La seconda è quella di cavalcare il digitale, perché se è vero che la persona, cliente e professionista, sono e saranno sempre al centro della consulenza finanziaria e patrimoniale è altrettanto vero che i canali attraverso cui questa si esplicita sono radicalmente cambiati negli ultimi due anni e sono destinati ulteriormente a evolvere nei prossimi cinque.
Basta rileggersi i piani di industriali per il prossimo triennio presentati poche settimane or sono dalle principali banche che operano in Italia, da Intesa Sanpaolo a UniCredit, passando per BNL BNP Paribas, per comprendere come sul fronte digitale le banche siano passate da una posizione difensiva a una offensiva.
Reclutamento dei migliori talenti, startupper, manager e banchieri digitali, accordi con fintech e investimenti da decine di milioni di Euro in App, piattaforme di web collaboration, sono i primi e più evidenti segnali che le banche cosiddette “tradizionali” vogliono e, per certi versi debbono, se non vogliono essere spazzate via dal mercato, diventare banche multi canale a trazione digitale
Pensando al futuro e alle sfide per le reti dei consulenti finanziari o patrimoniali che dir si voglia, si stima che il modello della banca multicanale con il consulente finanziario al centro potrà accrescere la quota di mercato nel segmento upper affluent e private di un ulteriore 15% per arrivare a servire il 55%-60% del segmento, con una crescita degli asset under management dagli attuali 784,4 miliardi di Euro (fonte ASSORETI, febbraio 2022) a 1.000 miliardi entro il 2027-30.

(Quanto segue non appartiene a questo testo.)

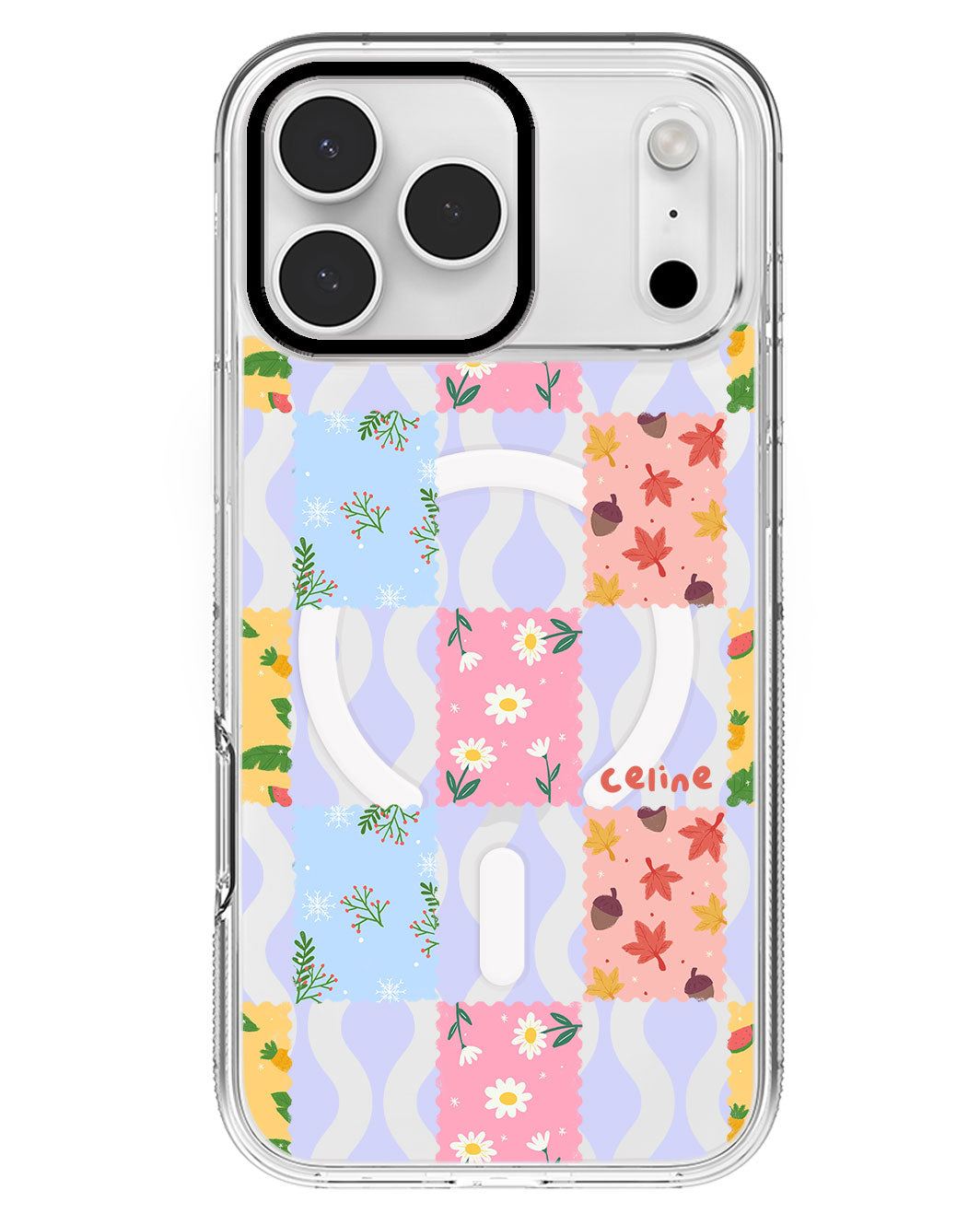 iPhone Rearguard MagSwap - Four Seasons Stamp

I portafogli medi dei consulenti sono infatti cresciuti con percentuali a due cifre, più che proporzionalmente rispetto al numero dei clienti serviti che cresce, ma a ritmi più contenuti, soprattutto per il focus sui clienti più patrimonializzati presso cui aumenta la quota di portafoglio.
Manca all’appello una parte significativa di risparmiatori affluent (circa due milioni in Italia) che tiene il denaro sul conto corrente più per mancanza di proattività che di fiducia nelle banche o che preferisce fare da sé facilitata dalla maggiore accessibilità ai mercati e alle soluzioni di investimento possibile con la multicanalità digitale.
La segmentazione dei clienti per entità e origine del patrimonio, per coorti generazionali, per professione, orizzonte temporale e profilazione del rischio e la successiva messa a punto di modelli di servizio scalabili e modulari potrebbe certamente rappresentare un’evoluzione. Su questo le banche cosiddette tradizionali potranno avere un vantaggio competitivo.